After Jim meets Principal Camillo (Valente Rodriguez) on his first day of work, he begins his new job as a life science/PE teacher and assistant football coach. During his first PE class that day, Jim meets the Diaz brothers: Danny, Damacio, and David (Ramiro Rodriguez, Michael Aguero, and Rafael Martinez). Before the class ends, their mother forces the brothers to leave class to go work in the fields. Later, Jim shows that he genuinely cares about the students when he prevents the ambitious football team’s head coach from putting an injured player, Johnny Sameniego (Hector Duran), back into the game despite Johnny’s importance to the team. The head coach complains to Principal Camillo and has Jim removed from his post as assistant coach. The player, Johnny, is also kicked off the team. Meanwhile, Jim settles into his neighborhood and learns about the troubled life of one of his other students, Victor Puentes (Sergio Avelar), whose uncle just got out of prison and whose father is still in prison.
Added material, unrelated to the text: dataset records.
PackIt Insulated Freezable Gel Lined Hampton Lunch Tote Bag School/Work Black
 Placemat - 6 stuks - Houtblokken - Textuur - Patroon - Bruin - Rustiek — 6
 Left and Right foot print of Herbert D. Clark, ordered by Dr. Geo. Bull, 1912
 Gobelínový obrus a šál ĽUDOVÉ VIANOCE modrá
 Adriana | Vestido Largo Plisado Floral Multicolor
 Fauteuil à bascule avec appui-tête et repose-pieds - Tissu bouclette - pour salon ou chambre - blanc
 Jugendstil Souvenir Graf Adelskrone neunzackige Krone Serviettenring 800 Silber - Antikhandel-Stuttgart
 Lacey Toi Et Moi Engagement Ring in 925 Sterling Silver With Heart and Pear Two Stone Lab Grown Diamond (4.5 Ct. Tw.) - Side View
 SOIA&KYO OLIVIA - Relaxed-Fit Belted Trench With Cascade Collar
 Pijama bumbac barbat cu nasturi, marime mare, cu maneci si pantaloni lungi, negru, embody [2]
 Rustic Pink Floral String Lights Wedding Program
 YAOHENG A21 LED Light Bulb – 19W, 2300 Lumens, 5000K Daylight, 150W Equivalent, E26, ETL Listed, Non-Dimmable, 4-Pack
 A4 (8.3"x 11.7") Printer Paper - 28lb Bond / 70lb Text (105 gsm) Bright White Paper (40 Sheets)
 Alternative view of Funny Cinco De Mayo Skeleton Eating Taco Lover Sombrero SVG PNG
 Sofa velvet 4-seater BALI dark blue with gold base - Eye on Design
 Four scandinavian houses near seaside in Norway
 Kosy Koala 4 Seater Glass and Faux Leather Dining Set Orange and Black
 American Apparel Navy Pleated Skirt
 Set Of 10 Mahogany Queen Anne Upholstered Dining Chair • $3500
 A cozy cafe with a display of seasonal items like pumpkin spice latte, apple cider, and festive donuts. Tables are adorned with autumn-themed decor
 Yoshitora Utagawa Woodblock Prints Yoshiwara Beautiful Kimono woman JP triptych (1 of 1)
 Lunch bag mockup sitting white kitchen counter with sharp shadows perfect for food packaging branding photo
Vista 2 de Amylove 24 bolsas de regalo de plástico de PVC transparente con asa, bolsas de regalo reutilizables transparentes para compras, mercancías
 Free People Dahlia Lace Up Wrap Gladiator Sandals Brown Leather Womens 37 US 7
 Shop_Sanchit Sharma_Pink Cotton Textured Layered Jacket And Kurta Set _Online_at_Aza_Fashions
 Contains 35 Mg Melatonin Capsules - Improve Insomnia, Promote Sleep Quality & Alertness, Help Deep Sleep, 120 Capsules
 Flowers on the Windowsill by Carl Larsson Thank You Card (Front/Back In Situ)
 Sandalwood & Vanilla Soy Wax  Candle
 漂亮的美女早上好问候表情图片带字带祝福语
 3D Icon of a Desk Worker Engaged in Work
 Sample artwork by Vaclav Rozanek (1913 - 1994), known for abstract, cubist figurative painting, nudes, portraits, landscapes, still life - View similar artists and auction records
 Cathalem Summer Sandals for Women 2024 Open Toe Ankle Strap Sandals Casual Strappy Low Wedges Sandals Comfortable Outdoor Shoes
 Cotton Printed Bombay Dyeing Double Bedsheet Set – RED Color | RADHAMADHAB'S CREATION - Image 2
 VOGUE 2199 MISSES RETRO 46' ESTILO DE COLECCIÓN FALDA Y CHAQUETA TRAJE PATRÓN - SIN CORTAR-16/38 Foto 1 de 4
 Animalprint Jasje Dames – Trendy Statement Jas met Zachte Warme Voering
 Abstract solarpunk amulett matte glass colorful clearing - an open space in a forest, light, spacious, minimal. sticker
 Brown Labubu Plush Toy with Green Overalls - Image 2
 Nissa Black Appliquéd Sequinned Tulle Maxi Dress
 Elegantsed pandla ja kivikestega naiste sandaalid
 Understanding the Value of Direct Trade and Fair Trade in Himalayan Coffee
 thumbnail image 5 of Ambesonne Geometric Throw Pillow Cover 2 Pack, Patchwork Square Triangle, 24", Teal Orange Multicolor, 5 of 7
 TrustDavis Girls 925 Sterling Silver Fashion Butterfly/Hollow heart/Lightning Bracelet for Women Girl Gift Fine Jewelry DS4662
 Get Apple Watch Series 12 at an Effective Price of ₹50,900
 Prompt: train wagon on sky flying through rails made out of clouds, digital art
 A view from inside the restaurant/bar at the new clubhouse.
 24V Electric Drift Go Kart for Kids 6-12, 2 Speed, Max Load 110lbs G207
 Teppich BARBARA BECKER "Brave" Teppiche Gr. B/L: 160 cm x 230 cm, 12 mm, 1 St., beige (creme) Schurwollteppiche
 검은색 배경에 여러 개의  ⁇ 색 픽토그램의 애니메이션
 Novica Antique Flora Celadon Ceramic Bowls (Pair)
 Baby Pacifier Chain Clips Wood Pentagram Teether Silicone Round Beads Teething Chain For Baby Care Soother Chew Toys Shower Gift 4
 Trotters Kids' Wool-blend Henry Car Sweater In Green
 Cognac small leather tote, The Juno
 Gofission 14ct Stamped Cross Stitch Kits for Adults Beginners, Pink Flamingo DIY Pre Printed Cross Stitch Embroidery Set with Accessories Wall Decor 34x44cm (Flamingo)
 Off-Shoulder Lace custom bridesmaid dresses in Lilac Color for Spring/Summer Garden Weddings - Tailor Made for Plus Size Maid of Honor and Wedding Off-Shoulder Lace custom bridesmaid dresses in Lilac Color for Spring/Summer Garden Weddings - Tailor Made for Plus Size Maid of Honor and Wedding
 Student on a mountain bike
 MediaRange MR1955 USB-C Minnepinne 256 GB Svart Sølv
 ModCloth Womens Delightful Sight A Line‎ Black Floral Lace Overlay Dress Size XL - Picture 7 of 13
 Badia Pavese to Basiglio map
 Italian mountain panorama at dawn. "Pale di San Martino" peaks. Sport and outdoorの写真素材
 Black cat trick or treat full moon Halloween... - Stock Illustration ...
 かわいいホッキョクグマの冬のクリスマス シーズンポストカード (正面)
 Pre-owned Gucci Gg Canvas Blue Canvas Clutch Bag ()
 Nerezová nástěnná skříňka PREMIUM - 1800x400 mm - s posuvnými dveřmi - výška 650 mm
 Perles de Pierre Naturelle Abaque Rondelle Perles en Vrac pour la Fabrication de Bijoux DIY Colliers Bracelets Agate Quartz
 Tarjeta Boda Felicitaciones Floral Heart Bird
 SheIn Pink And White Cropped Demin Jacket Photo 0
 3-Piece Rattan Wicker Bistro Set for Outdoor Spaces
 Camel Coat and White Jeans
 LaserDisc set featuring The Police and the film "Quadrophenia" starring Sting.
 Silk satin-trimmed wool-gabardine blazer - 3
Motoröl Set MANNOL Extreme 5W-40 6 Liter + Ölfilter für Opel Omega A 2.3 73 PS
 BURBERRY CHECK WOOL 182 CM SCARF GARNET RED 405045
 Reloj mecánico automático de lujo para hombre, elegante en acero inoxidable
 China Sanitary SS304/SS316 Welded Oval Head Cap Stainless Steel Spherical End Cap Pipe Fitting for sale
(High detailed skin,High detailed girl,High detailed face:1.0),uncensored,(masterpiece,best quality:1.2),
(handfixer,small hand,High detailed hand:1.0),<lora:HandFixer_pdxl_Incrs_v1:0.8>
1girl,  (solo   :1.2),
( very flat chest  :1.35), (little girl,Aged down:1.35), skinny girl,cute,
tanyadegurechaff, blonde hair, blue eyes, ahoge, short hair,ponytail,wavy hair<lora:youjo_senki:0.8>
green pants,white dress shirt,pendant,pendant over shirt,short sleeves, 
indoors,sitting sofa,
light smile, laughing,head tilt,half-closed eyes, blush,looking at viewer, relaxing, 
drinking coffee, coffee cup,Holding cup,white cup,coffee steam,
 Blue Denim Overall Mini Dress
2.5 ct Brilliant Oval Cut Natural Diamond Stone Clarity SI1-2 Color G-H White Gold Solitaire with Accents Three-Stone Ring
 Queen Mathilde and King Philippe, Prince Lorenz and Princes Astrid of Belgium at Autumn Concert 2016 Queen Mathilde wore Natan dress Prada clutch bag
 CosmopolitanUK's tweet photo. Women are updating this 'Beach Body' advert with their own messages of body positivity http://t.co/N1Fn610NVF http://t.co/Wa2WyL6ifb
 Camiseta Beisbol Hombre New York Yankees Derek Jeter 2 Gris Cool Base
While Jim and his daughter Jamie watches the boys in his PE classes run laps around the track, Jamie makes a comment about Victor and Johnny being incredibly fast runners; Jim agrees, and has an epiphany: to start a cross-country team. Principal Camillo agrees, reluctantly, and Johnny is recruited as the team’s first runner. Johnny helps to recruit other students: Victor, the three Diaz brothers, Jose Cardenas (Johnny Ortiz), and Thomas Valles (Carlos Pratts). Thomas, who was suspended for fighting a kid that made fun of his pregnant sister, is given a chance to avoid suspension if he agrees to join the cross-country team. The runners begin their training with doubt about their white coach, whom they nickname Blanco. The odds seem stacked against Jim, who is just as inexperienced at coaching cross-country as the boys are at running it.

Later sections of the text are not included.